Offsite Learning Experiences - Real World Learning
At Stevenson we take Offsite Learning Experiences (OLEs, or field trips) seriously. We believe that learning is most powerful when students have the opportunity to experience learning both inside the classroom, in our local communities, and in a real-world context. Each teacher designs 6-10 OLEs during the year, each one closely tied to grade level curriculum.
Each OLE has lessons that precede the trip and lessons that help to synthesize and expand on the experience once students get back to campus. For instance, when studying watersheds the 5th-grade students engaged in a number of science lessons where they investigated evaporation, convection, and weather.
All hands on shark! (From an on-site OLE session)

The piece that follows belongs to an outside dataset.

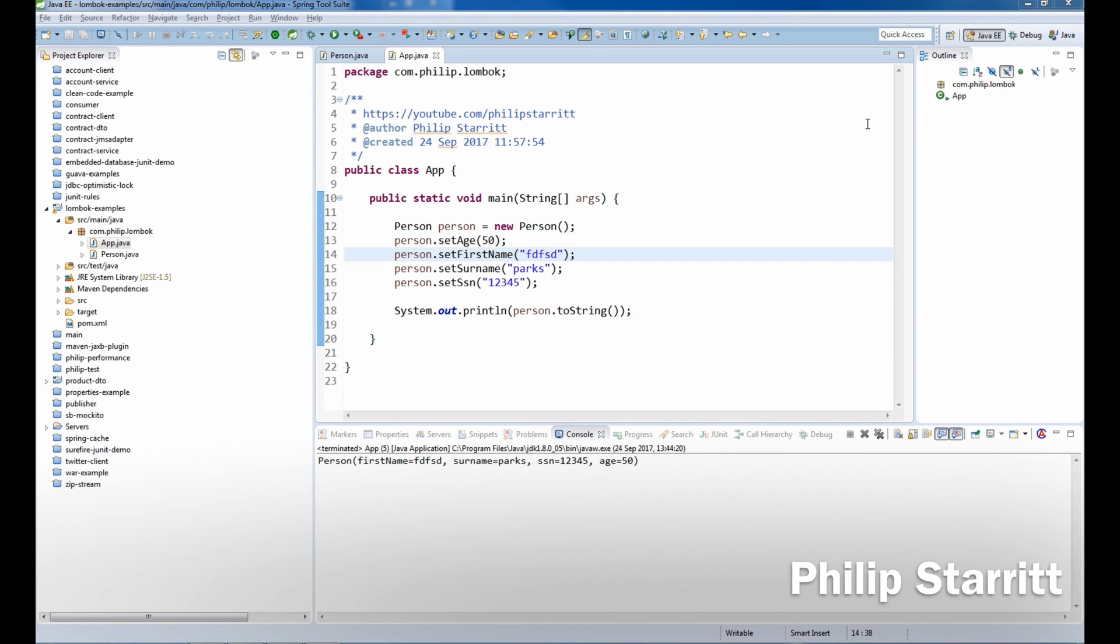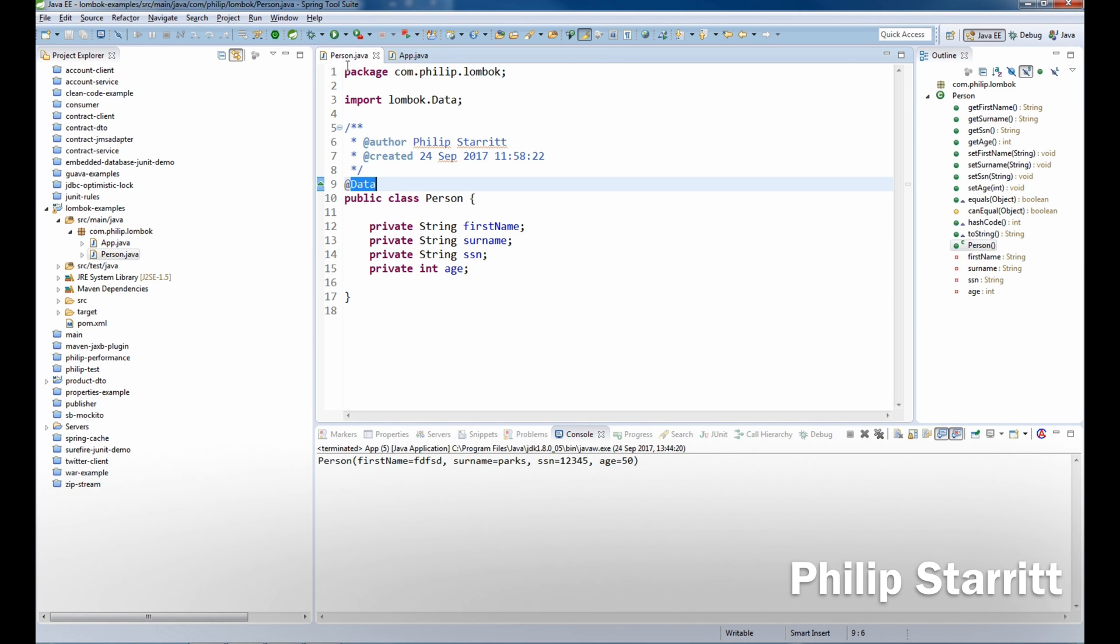What's up guys, this is Philip Starrett again and welcome to the next episode of my Lombok series. In this episode, we're going to be making this class immutable.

They then visited the Bay Model Visitor Center to learn about how weather, the water cycle, and the bay's tides impact our local community. After the OLE, students came back to class to learn more about the impacts humans have on their local environment and watershed. OLEs like this integrate science, social studies, reading, writing, and math while giving students a real-world context from which to work.
Whether it is a museum, a farm, a theater, or State Capitol, children learn by immersing themselves in the "real world," from "real characters," about "real applications" of the knowledge and skills they are learning in the classroom.
Sometimes we also bring "offsite" experience onsite, with external educators bringing their "field trips" to Stevenson.